English was the founding language of the internet, and in the late 1990s, it’s estimated that 80% of web content was in English. Today, with the growth of the web around the globe, we’re seeing a boom of content in other languages. It’s now estimated that only a little over half of web content is in English. Of the non-English content, we see amazing diversity – Russian 6%, German 5.9%, Spanish 5%, French 4%, Japanese 3.4%, and the remaining 22% is divided among another 34 languages.
For English speakers, this growing language diversity creates a challenge, from booking a local hotel in Croatia to looking up facts about a Norwegian brewery. There are very few online English translation tools available for languages that have a small digital footprint. For academic and national security translation needs, as it now stands, analysts often must wade through multilingual content manually.
The research team, including project lead Dr. Kathy McKeown of Columbia University and UMD project lead Dr. Douglas Oard of the UMD College of Information Studies, is tasked with creating a powerful online search engine tool with built-in multilingual-to-English translation. The $13.4M project is funded by the U.S. Intelligence Advanced Research Project Activity (IARPA), which invests in high-risk, high-payoff research that addresses some of the most difficult scientific challenges faced by the U.S. intelligence community.

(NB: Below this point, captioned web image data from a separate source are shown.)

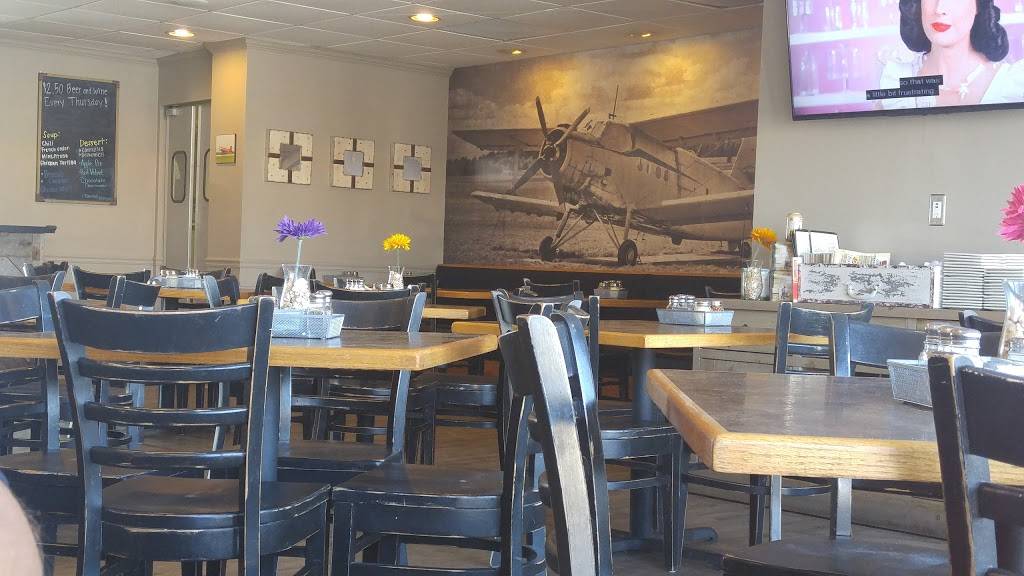 Ledo Pizza | meal takeaway | 3072 Solomons Island Rd, Edgewater, MD 21037, USA | 4109566700 OR +1 410-956-6700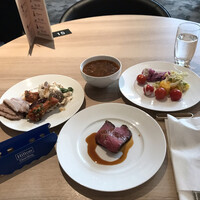 インプレイス 3-3 ヒルトン名古屋 - 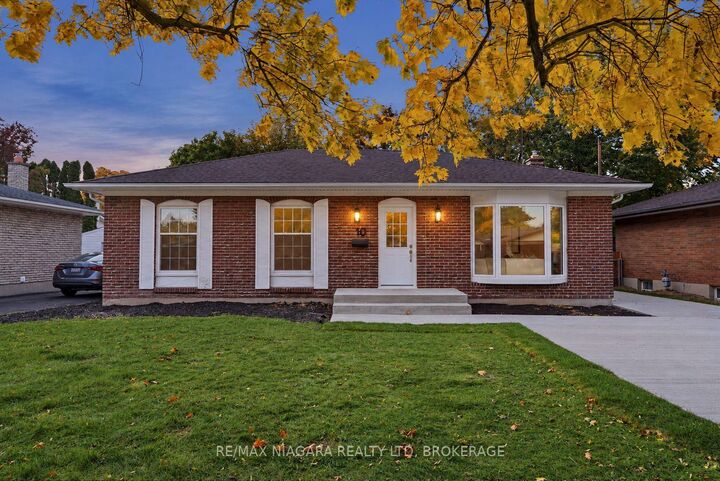 Property Photo: 10 Highcourt Crescent ON L2M 3M6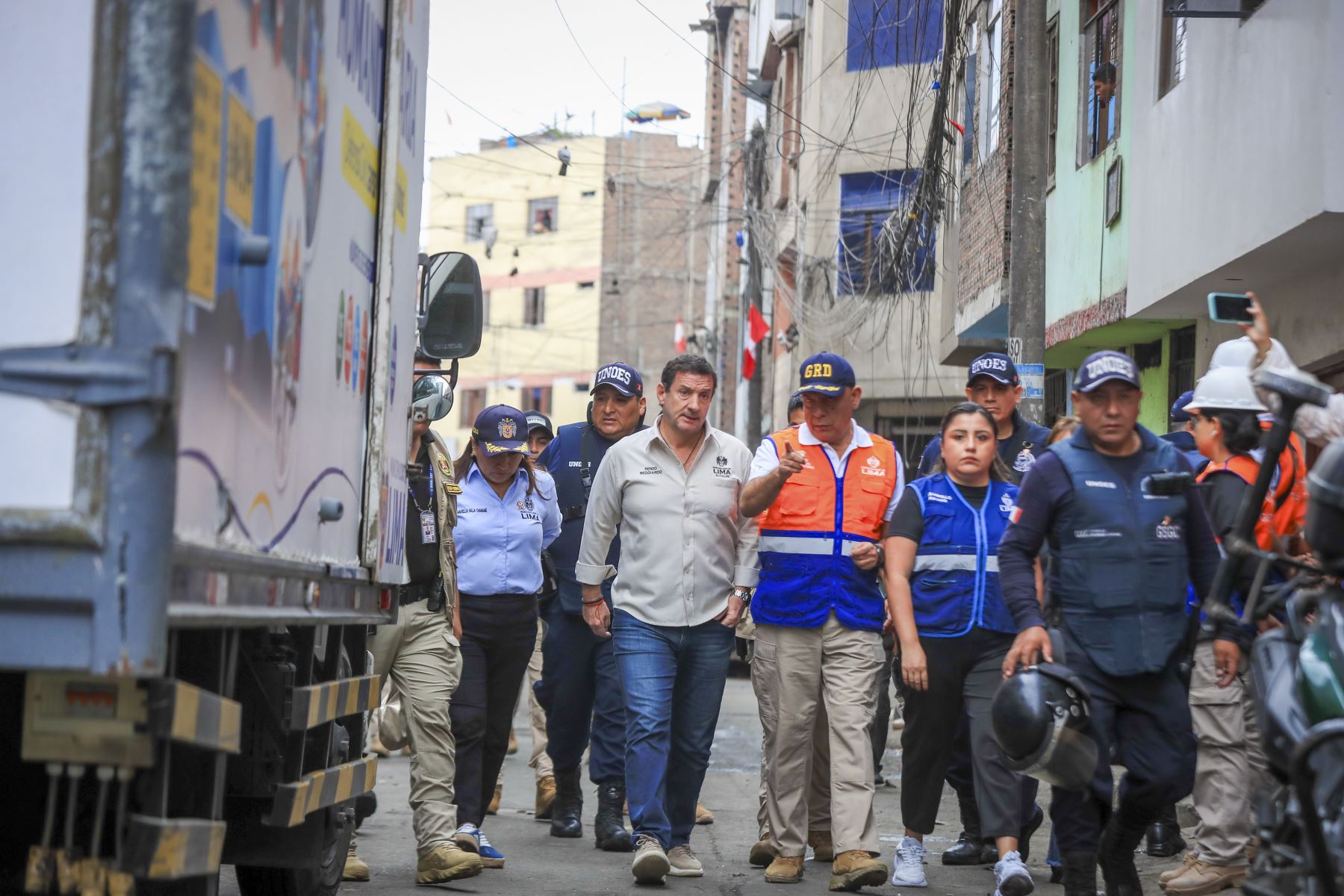 El alcalde de Lima, Renzo Reggiardo, se presentó esta mañana en la zona afectada por un incendio en La Victoria, donde fallecieron diez personas, para entregar víveres y artículos de primera necesidad.

Foto: ANDINA/Ricardo Cuba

The system they are building, called SCRIPTS (System for Cross Language Information Processing, Translation and Summarization), uses machine-learning algorithms to sift through large amounts of human language. SCRIPTS incorporates four key areas of language processing into one robust platform: speech recognition, machine translation, cross-language retrieval, and information summarization.
When completed, SCRIPTS will allow users to search through foreign language web content - including videos, news broadcasts, newspapers, social media posts, and text documents - using English search terms. SCRIPTS will also translate search result summaries into English.
Although translation into English is the current focus, the team imagines that future evolutions could be used to translate web content from any language into any language – opening up the web to the 80% of non-English speaking users who have limited web content available in their native language.